Automated Generation of Cognitive Ontology via Web Text-Mining
Definitions for concepts in the sciences of cognition are hard to pin down exactly, so we resort to looking at how scientists use them in relation to each other in practice by generating a data-driven ontology. Further, we ask whether neuroscience studies the same cognitive phenomena as cognitive science does, relating implementation to theory/algorithm. This project was presented at CogSci2017 (London). For further details, see included conference submission.
This repo contains code to scrape CognitiveAtlas (http://www.cognitiveatlas.org/) for a list of ~800 cognitive "terms", then scraping PubMed and Proceedings to the CogSci conference in the last 8 years for how frequently those terms are used, and how often pairs of them are used. Analyses look at the distribution and discrepancies for how these terms are used in cognitive science and neuroscience, and perform hierarchical clustering to automatically identify related conceptual clusters.
See CNS2018.pdf for poster with newest results, and RG_CS2017_revised.pdf for verbose explanation.

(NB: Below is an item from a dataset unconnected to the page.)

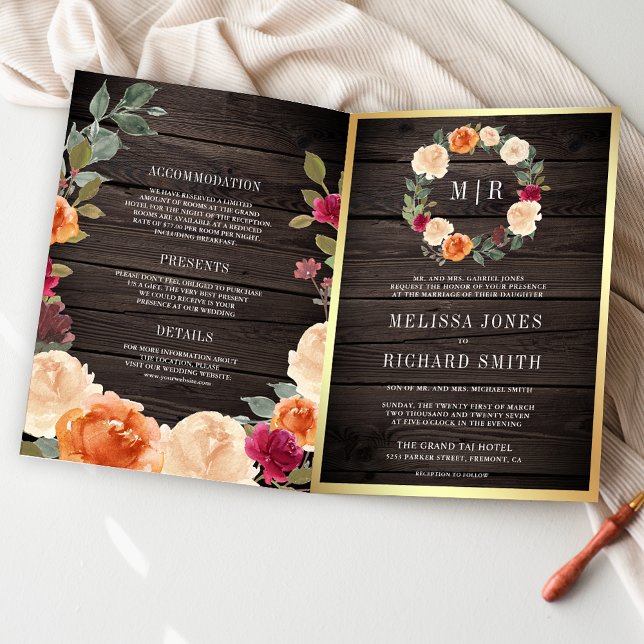 Convite Coroa Floral Rústica de Madeira QR Code Casamento (Criador carregado)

./scrape: Jupyter notebooks and python functions for data collection, i.e. scraping PubMed and CogSci abstracts for term counts
-- ./erpsc: codebase hijacked from ERP_SCANR and adapted to scrape counts and pair-wise counts
./analysis: Jupyter Notebooks for analyzing and visualizing counts and pairs data
./data: csv containing term list, counts, and pairwise co-occurrence matrix
The core code used for this project is based on ERP_SCANR (https://github.com/TomDonoghue/ERP_SCANR).